------ MATERIAL SHOWN ------

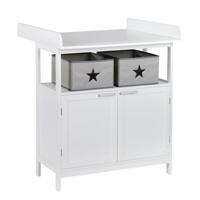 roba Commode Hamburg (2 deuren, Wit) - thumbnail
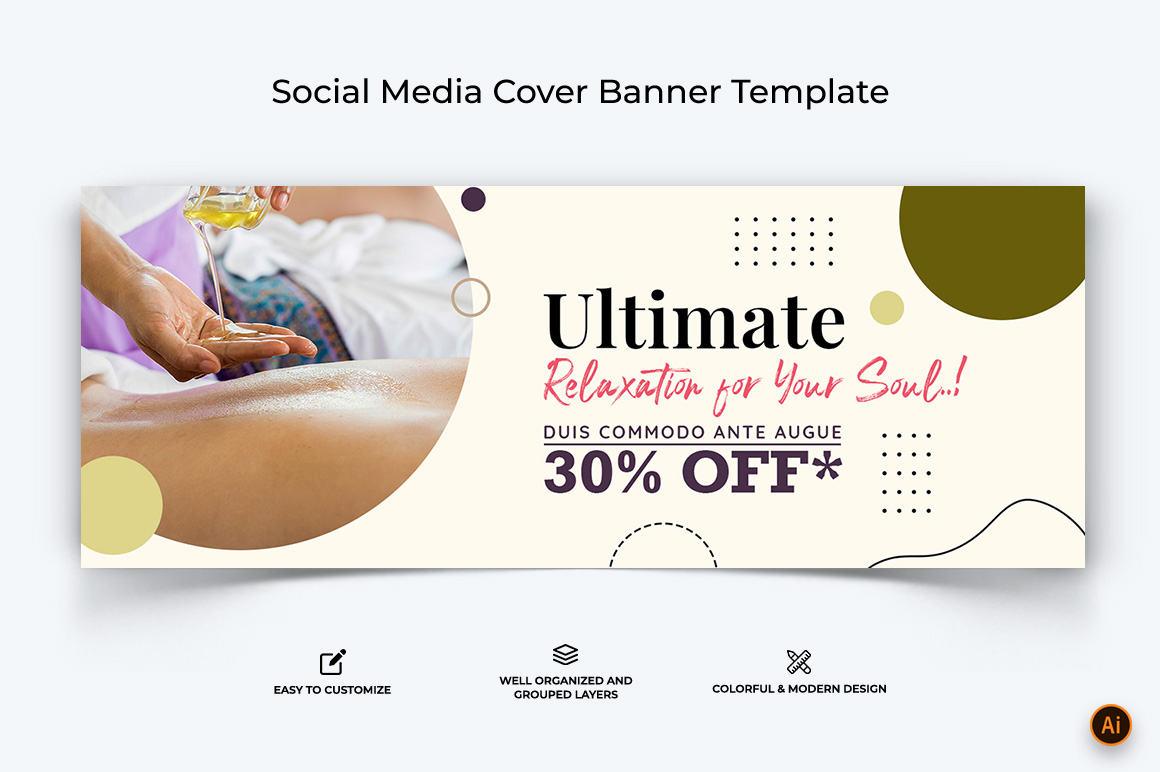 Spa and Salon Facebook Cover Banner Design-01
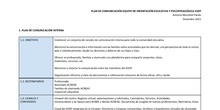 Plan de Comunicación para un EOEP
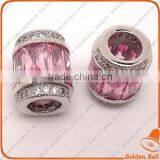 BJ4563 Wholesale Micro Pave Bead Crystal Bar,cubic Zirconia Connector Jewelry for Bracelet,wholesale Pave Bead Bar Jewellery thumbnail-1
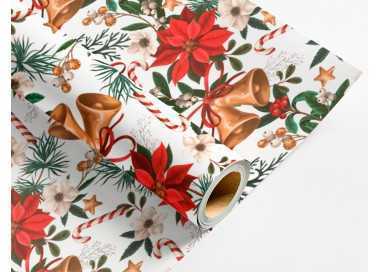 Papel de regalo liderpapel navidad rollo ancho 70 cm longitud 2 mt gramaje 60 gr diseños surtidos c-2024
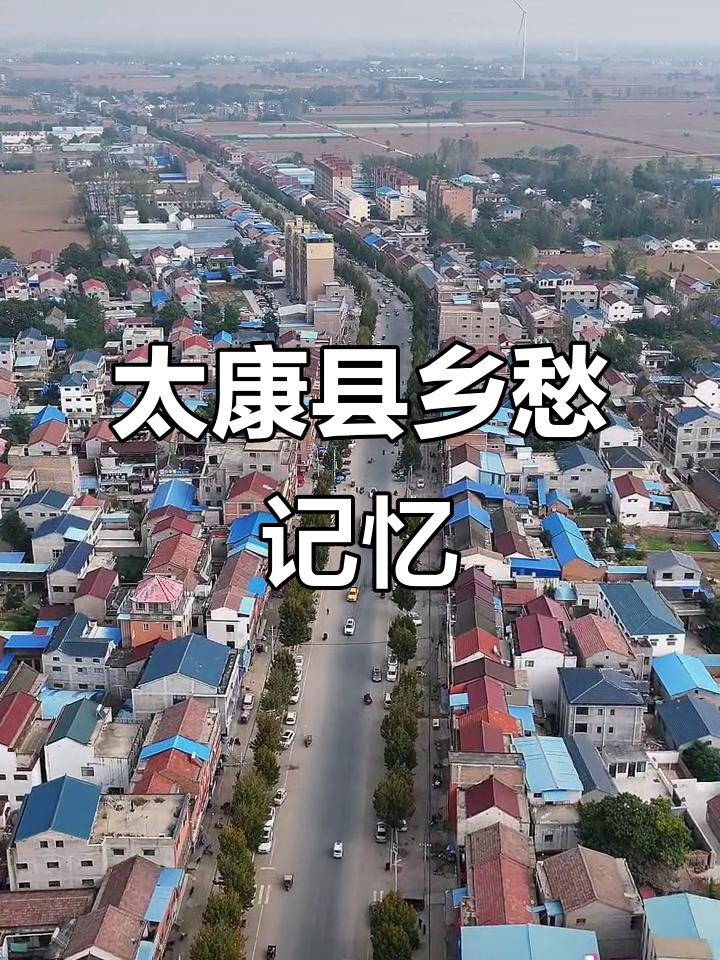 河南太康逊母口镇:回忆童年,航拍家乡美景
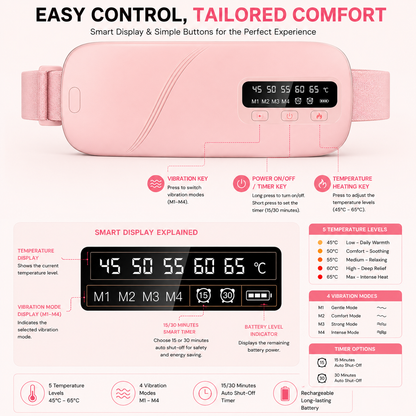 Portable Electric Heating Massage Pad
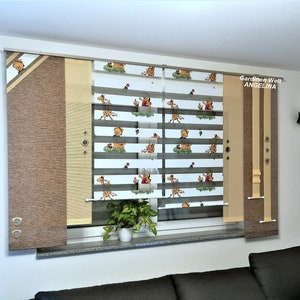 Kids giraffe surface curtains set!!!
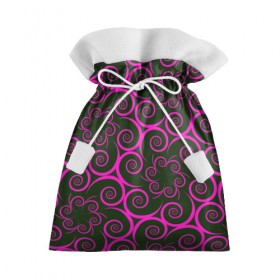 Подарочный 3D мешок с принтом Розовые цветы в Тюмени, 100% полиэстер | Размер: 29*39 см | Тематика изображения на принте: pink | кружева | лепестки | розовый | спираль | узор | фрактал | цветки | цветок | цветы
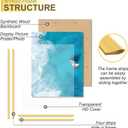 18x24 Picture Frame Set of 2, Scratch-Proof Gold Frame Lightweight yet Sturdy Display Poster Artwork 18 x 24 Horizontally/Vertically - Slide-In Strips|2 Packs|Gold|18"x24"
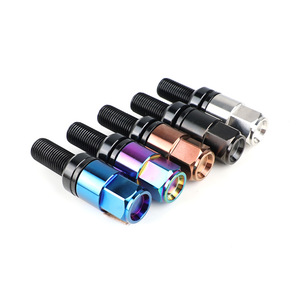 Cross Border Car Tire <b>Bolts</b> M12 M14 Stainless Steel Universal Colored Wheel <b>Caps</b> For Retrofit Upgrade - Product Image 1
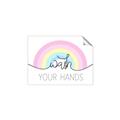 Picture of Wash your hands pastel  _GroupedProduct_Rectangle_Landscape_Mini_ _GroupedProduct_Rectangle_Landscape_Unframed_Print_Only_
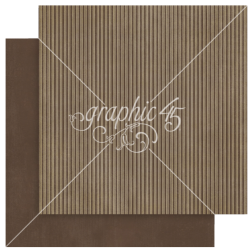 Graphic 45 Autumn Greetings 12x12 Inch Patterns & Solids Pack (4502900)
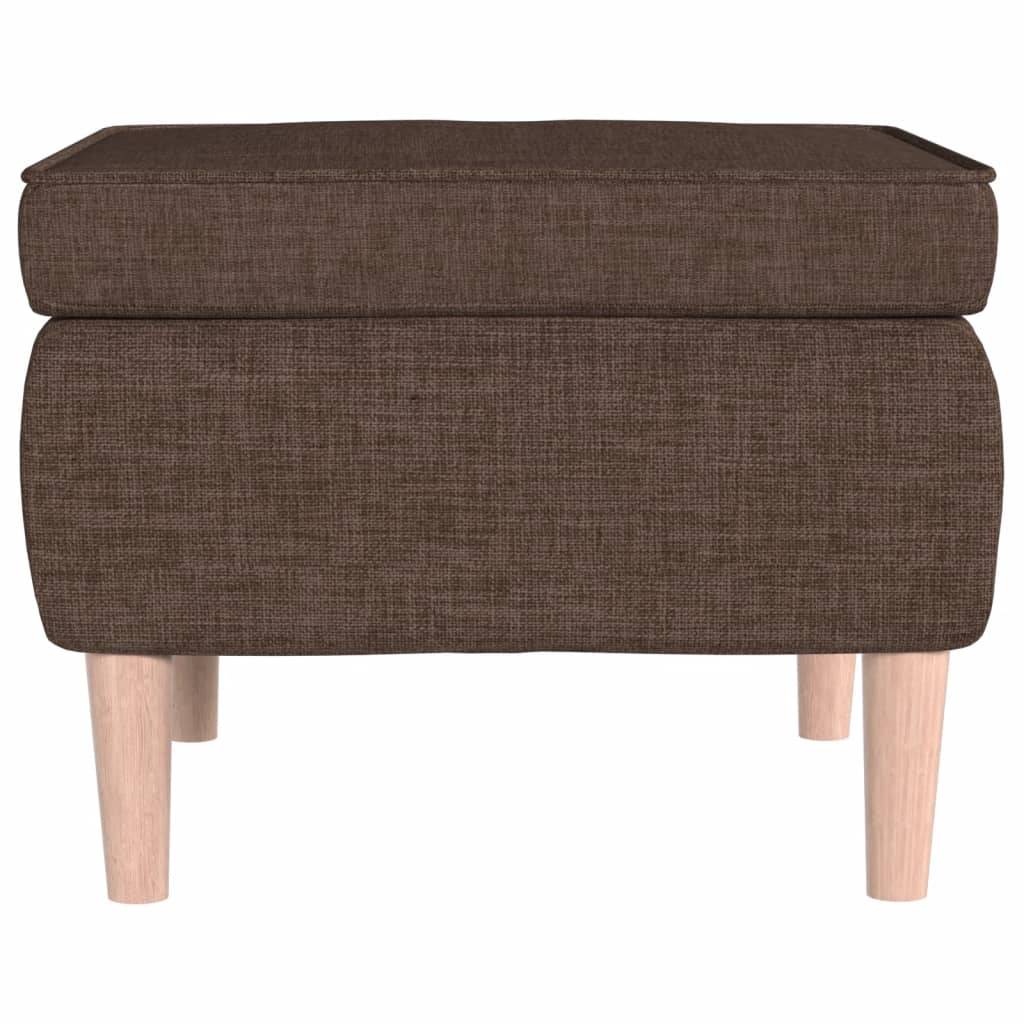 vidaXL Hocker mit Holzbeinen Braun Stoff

------
------ MATERIAL SHOWN ------

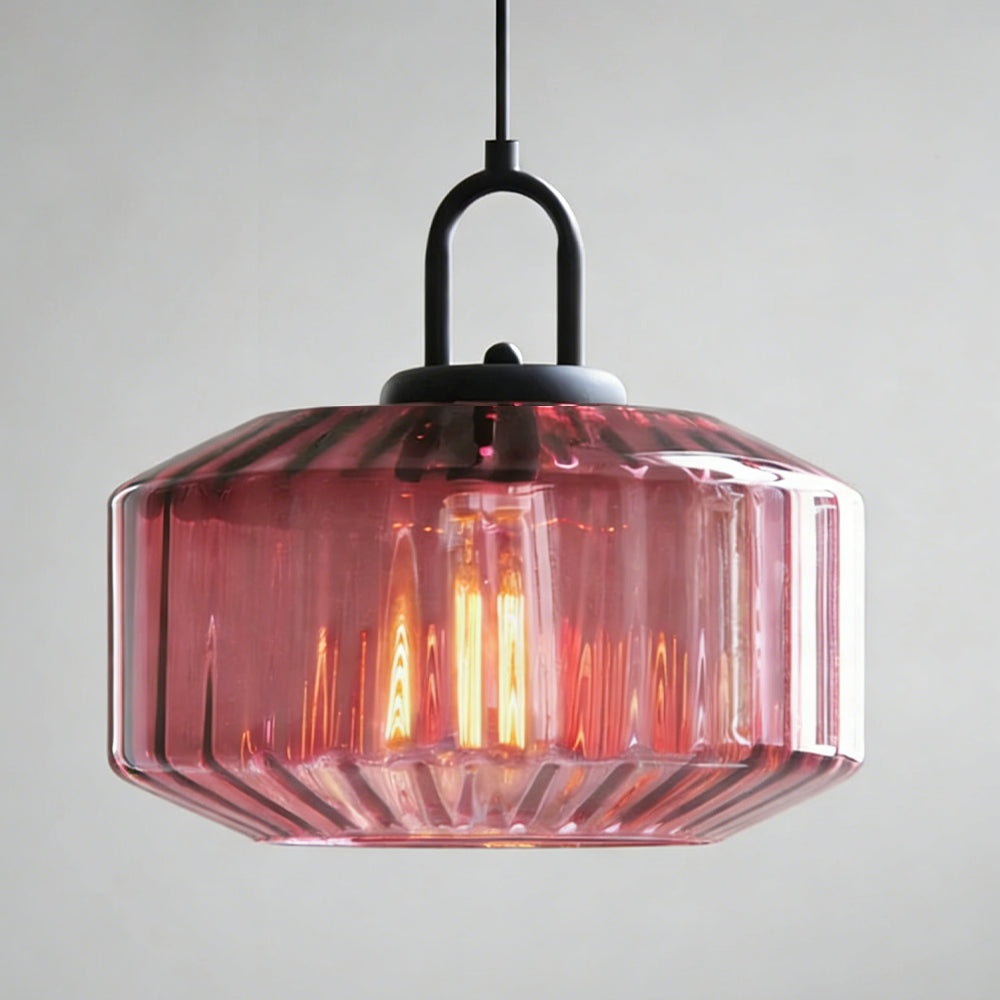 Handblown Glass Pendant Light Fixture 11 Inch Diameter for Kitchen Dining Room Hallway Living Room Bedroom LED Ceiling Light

------
------ MATERIAL SHOWN ------

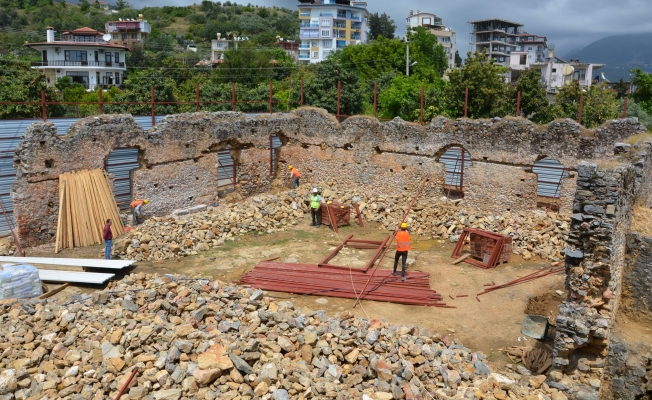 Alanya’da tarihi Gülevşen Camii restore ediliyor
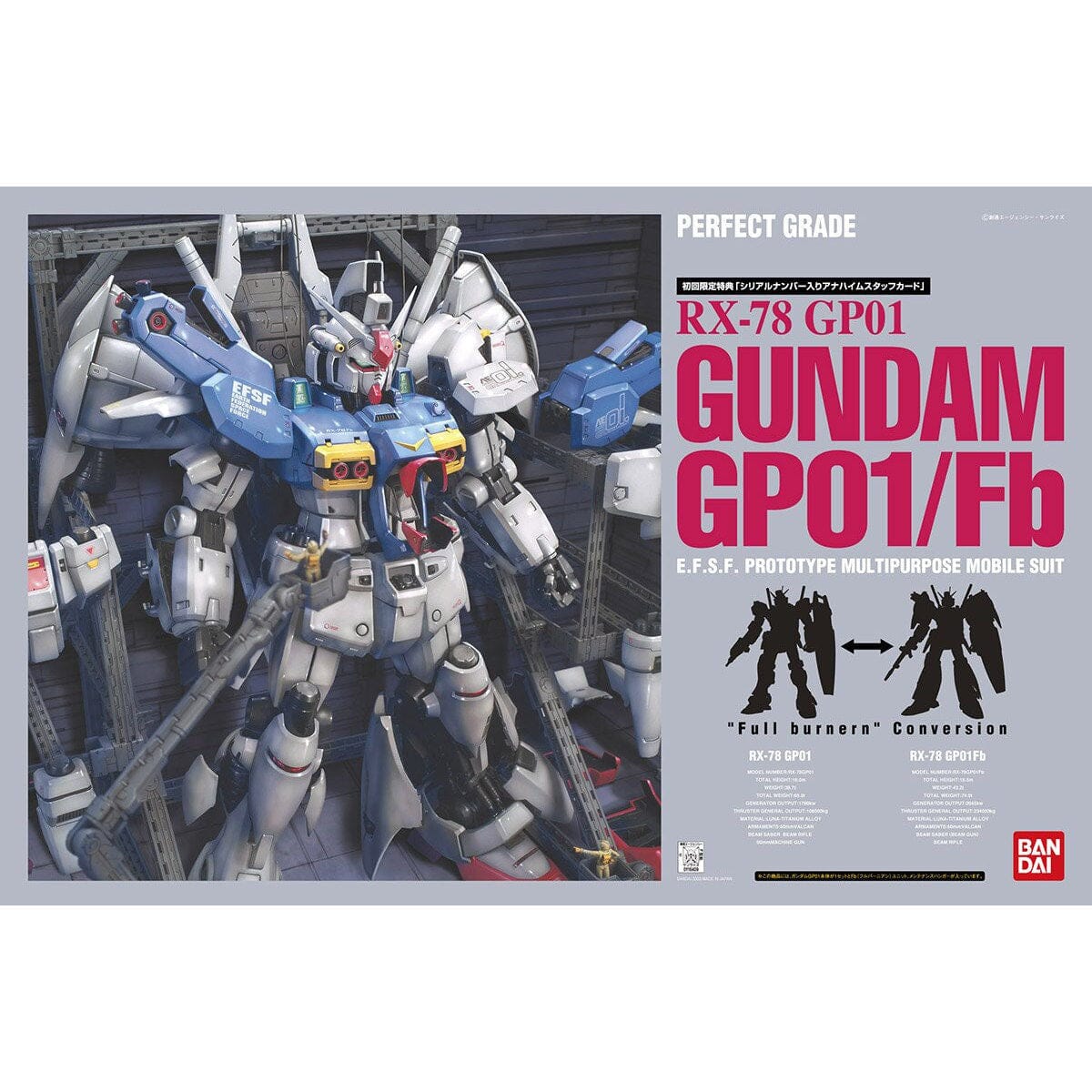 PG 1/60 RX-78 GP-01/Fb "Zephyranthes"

------

* WHAT IS NEEDED: Set down exactly the lines above, from the line containing "Alanya’da tarihi Gülevşen" through the line containing "PG 1/60 RX-78". Skip the pictures.

* RESPONSE TO THE EXERCISE:
 Alanya’da tarihi Gülevşen Camii restore ediliyor
 PG 1/60 RX-78 GP-01/Fb "Zephyranthes"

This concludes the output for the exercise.